Biasmato fosse ovunque ogni altro e fiero

Monte d'orgogli, ahi lasso, io già non spero

Gioir in quel disir che aver vorrei.

Son le quartine di un sonetto in morte dell'illustrissima signora duchessa d'Urbino. Le terzine andremo a pigliarle, tanto fa!, da un altro sonetto:

Ahi giustizia divina, come puoi

Non far quel che far dèi? qual fiero spirto

Fu quel che indusse questa peste al mondo?

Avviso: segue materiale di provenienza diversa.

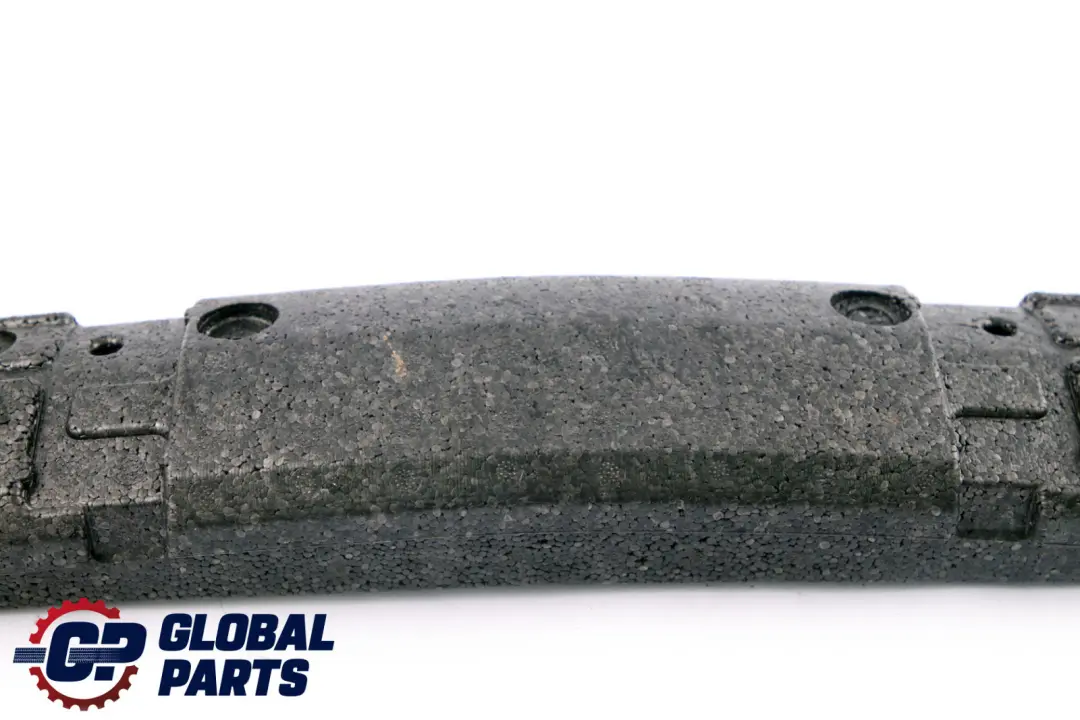 E-Klasse S211 W211 Stoßstange Absorber Vorne Mitte Halter für Mercedes mit Teilenummer A2118850037 Mercedes E-Klasse S211 W211 Stoßstange Absorber Vorne Mitte Halter - SKU A2118850037 - Teilenummer A2118850037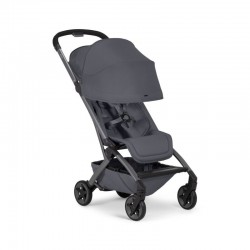 Joolz Aer2 Stone Grey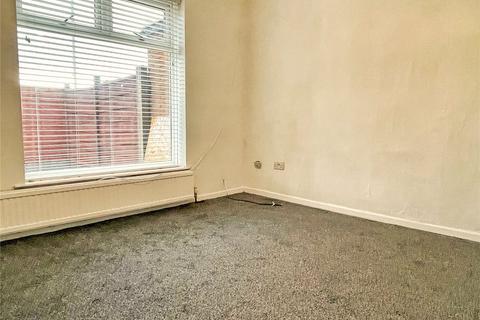 3 bedroom terraced house for sale, Waterson Avenue, Moston, Manchester, Greater Manchester, M40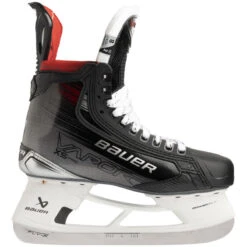Bauer Vapor X5 Pro Ice Skates - INTERMEDIATE -Hockey Shop Bauer Vapor X5 Pro Skates Fly X
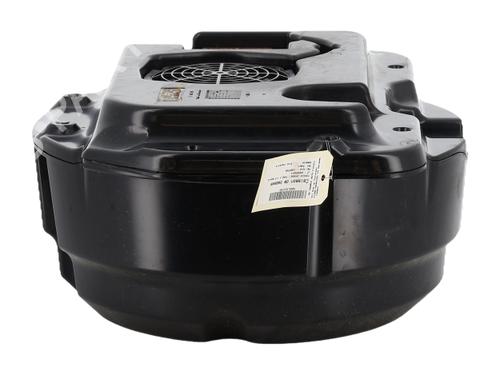 Used Electronic module Electronic module PORSCHE CAYENNE (9PA) GTS 4.8 (405 hp) 40504966 40504966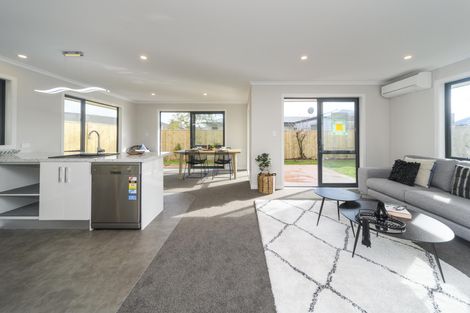 Photo of property in 17 Colonial Place, Kelvin Grove, Palmerston North, 4414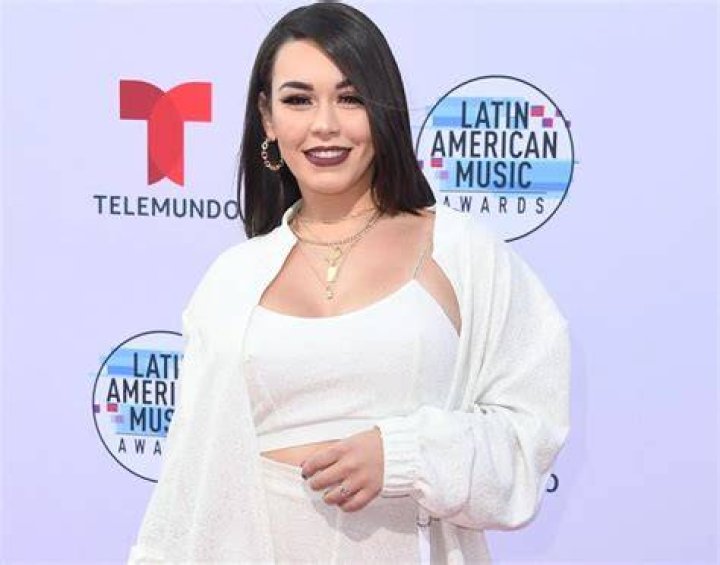 Jesaaelys Ayala Gonzalez Height, Weight, Net Worth, Age, Birthday, Wikipedia, Who, Instagram, Biography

Deh fuss'io stato allor posto nel fondo

Dell'Acheronte, che fui giunto al mirto

Ch'ombra mortal mi fa co' rami suoi!

Ma quel bizzarro palermitano non si contentava di vedere ammirate le rime sue dai tanti che le leggevano, come si fa, senza curarsi d'intenderle: fingendo aver dubbii sul senso, provocava il parere di cappati maestri; e vi fu un dotto senese che s'infiammò così da scrivere sul sonetto per la duchessa un commento diviso in quattro libri. Nè valse che l'autore dicesse poi la verità: il senese e gli altri non si dettero per vinti, e messer Buonincontro fu agli occhi loro uno sfacciato plagiario.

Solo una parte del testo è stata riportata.